Pat would go on to spend 32 years in the fire service, based in Sullivan’s Quay, Watercourse Road, and at the service headquarters on Anglesea Street. When he retired, he devoted himself to researching and documenting the story of the fire and rescue services in Cork.
“Early indications revealed that, to treat the subject as it deserved, it could not be undertaken in just one book,” Pat says. “That is where the concept of a ‘trilogy’ began.”
He took his research seriously.
“I knew I had to acquire the necessary skills and so undertook an MA in Local History at UCC; I graduated in 2007,” he says. “Research was undertaken at the Church of Ireland Representative Body Library in Dublin, the National Library, the National Archives, and at the Insurance Institute of Ireland Archives.
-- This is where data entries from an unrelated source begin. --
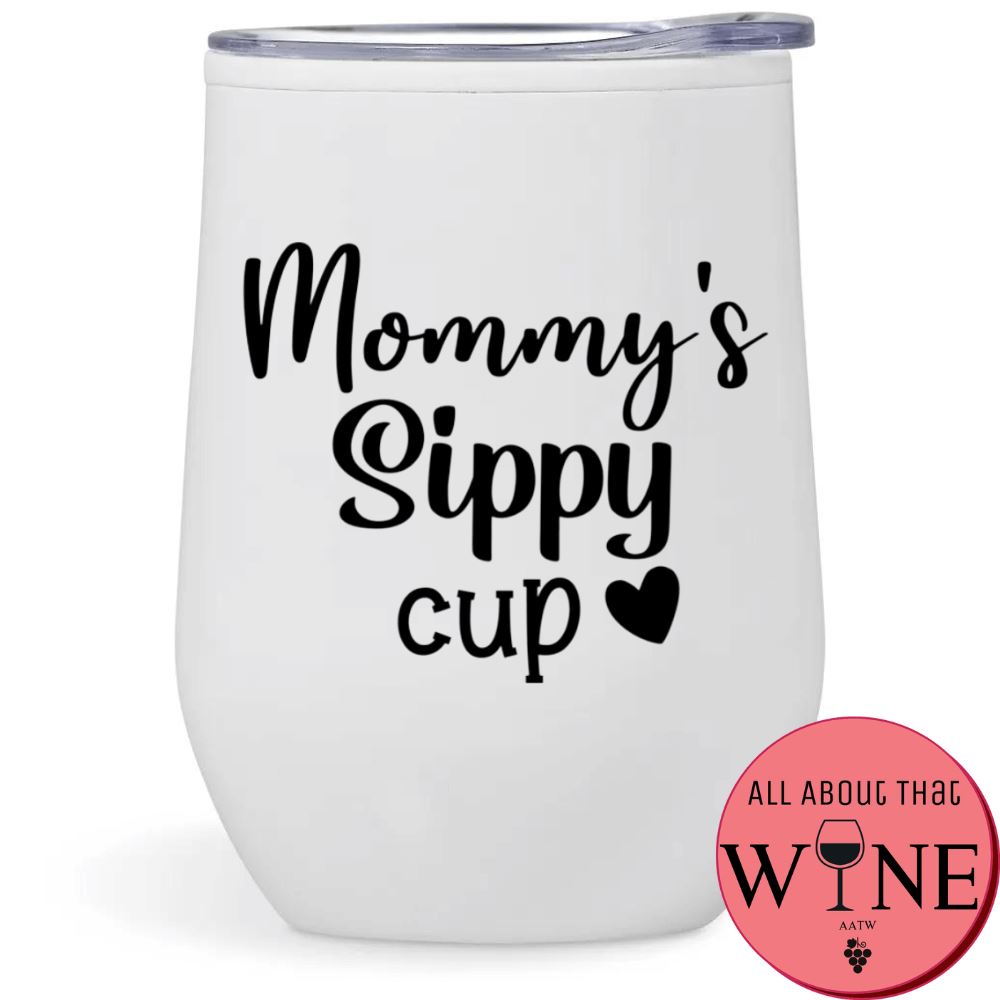 Mommy's Sippy cup Double-Wall Tumbler White Tumbler Black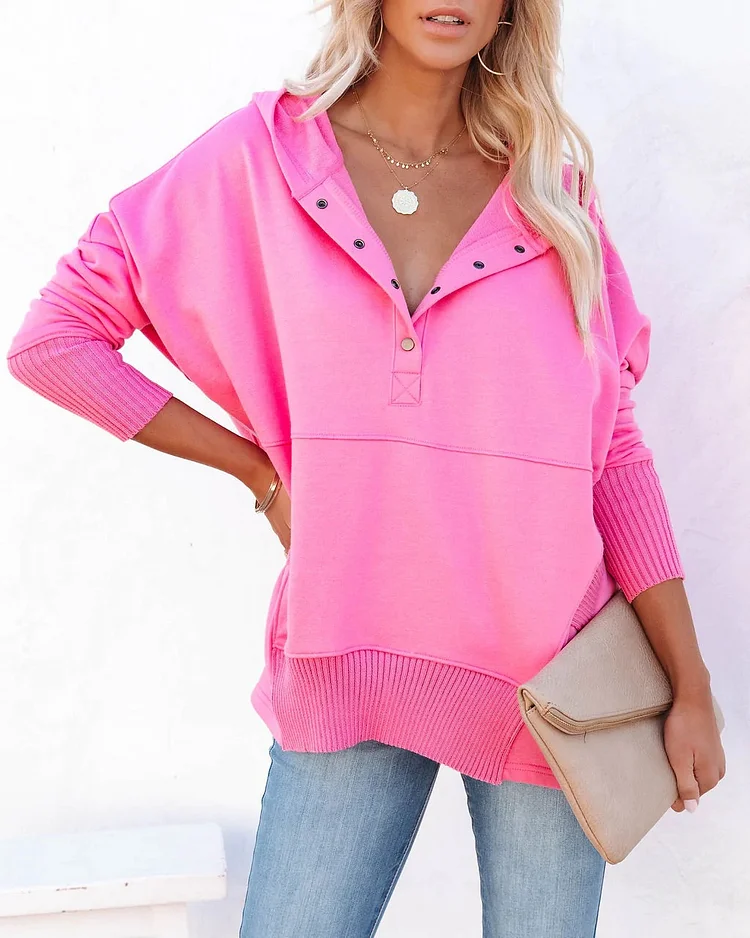 Avalon - Casual sweatshirt met vleermuismouwen en slanke V-hals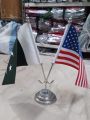 Double Table Flag with Steel Base – Perfect for Office, School & Home Decor | Elegant Desk Organizer for Patriotic Display. 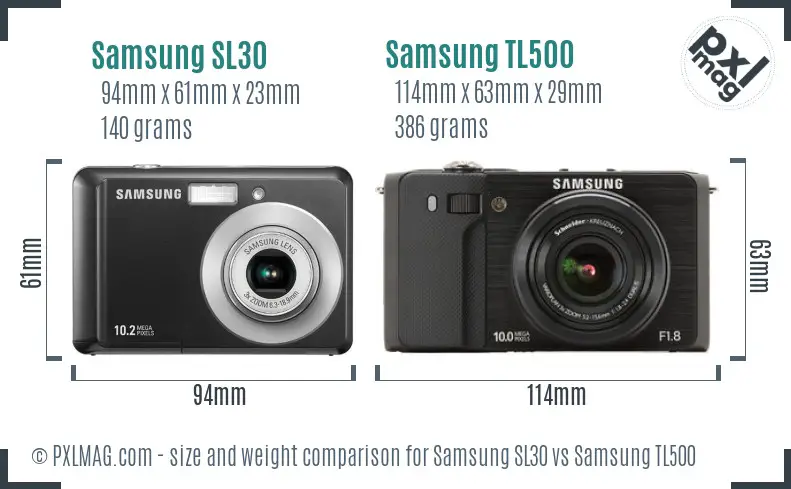 Samsung SL30 vs Samsung TL500 size comparison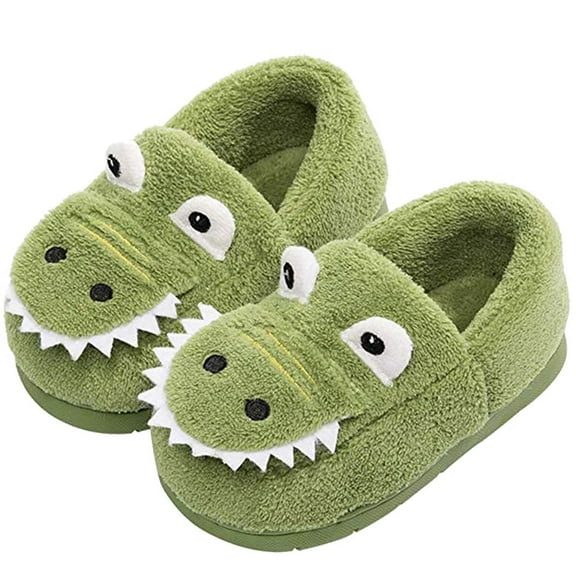 Yunkctuk Boys and Girls' Home Dinosaur Slippers, Children's Winter Indoor Slippers, Boys and Girls' Fur Lined Warm Slippers.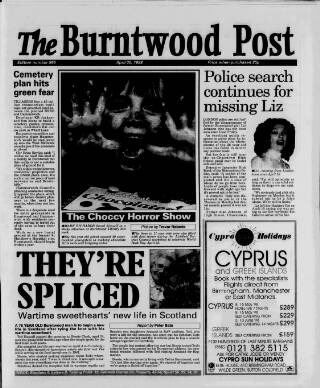 cover page of Burntwood Post published on April 30, 1998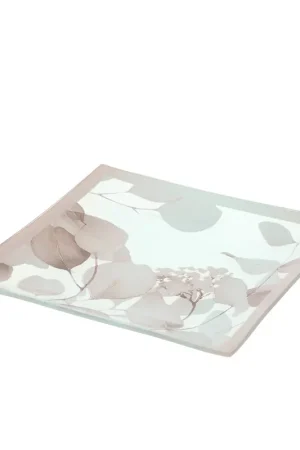 Offerta Lampo Hervit Piatto Botanic in Vetro 20x20 cm Rosa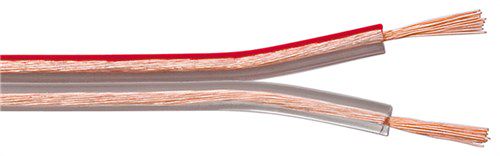 Speaker Cable transparent, 50 m - 50 m roll, cable diameter 2 x 0.75 mm², CU 15124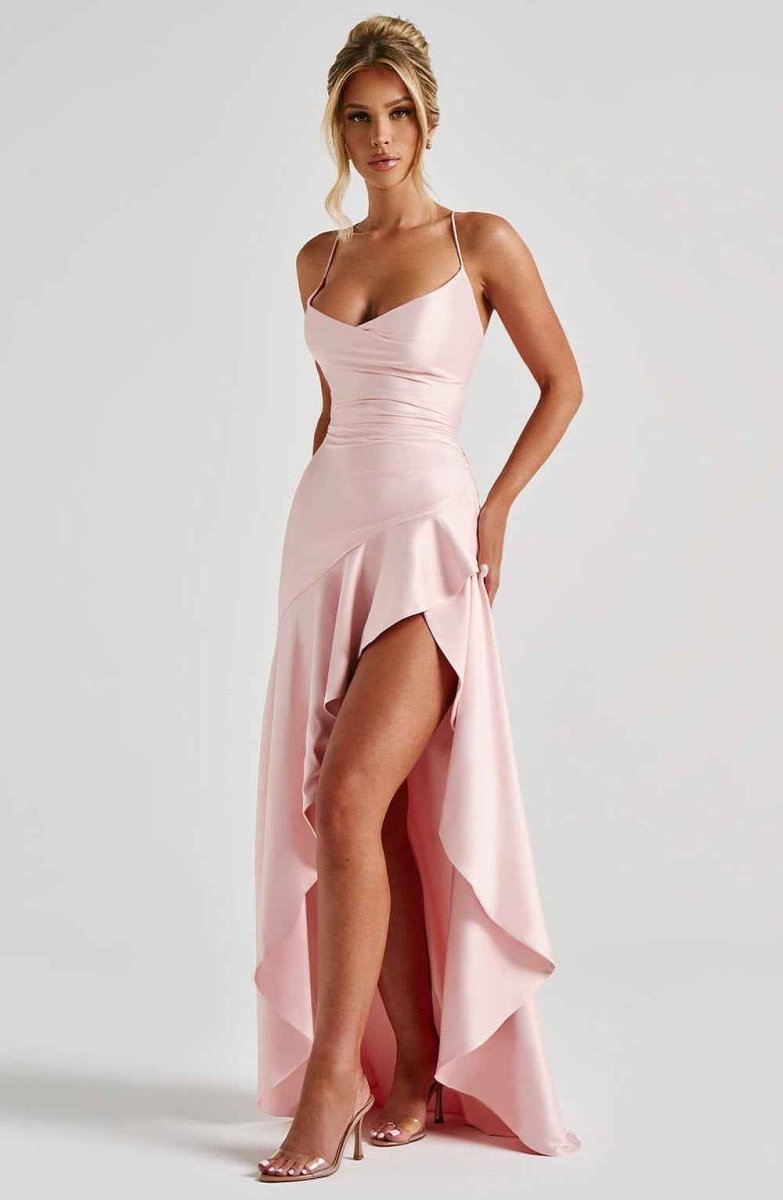 Women Maxi Dress Ruffle Hem Sleeveless Floor Length | Hazel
Locally, both City and County Library staff, and staff at the Cork City and County Archives, could not have been more helpful.”
One find was crucial.
“The Minutes of the Waterworks and Fire Brigade Committee are deposited in the Cork City and County Archives in Blackpool," Pat explains. “These constitute a fortnightly state of affairs of all matters appertaining to the Fire Brigade from 1877. It was long assumed they were destroyed in the burning of the City Hall by the Black and Tans in 1920, but, some years ago, they were discovered, in a decrepit state, in an old building at the Waterworks by Dr Colman O’Mahony of Monkstown.
"It is no exaggeration to say that, without them, my research would not have been possible.”
Pat’s first book went back to the beginnings of the city, through the Vikings, the Great Fire of 1622, the Siege in 1690, and took the reader up to 1900, while the second looked at the Great War, the War of Independence, the Civil War, and the Emergency, and the impact they had on Cork’s firefighters - including the ‘Burning of Cork’.
For his final volume, Pat had his own memories as well as historical research, and he includes his experience of three major fire incident, the Opera House (1955), Sutton’s (1963), and Scott’s (1965).
“In 1955 I was only a schoolboy, but I helped fight the other two fires mentioned,” he said.
Illustrations are also a major part of this book, which includes 240 colour and monochrome images of fire brigade operations, staff and appliances from the latter half of the 20th century
“While the [first two] volumes were well-illustrated, I felt that there was a significant corpus of photographs available from 1950 on that the general public would have a great interest in, and having been influenced by a similar ‘Visual History’ produced on the Army, I decided the final volume in the ‘trilogy’ would largely comprise a book of illustrations,” Pat says.
The result is a beautiful volume with particular appeal for readers with an interest in local and social history, or a background or family members in the fire service or wider emergency services.
It is currently available online at buythe book.ie and on eBay, and at the Bookstór, Newman’s Mall, Kinsale, and is shortly due to be available in Waterstones on Patrick Street.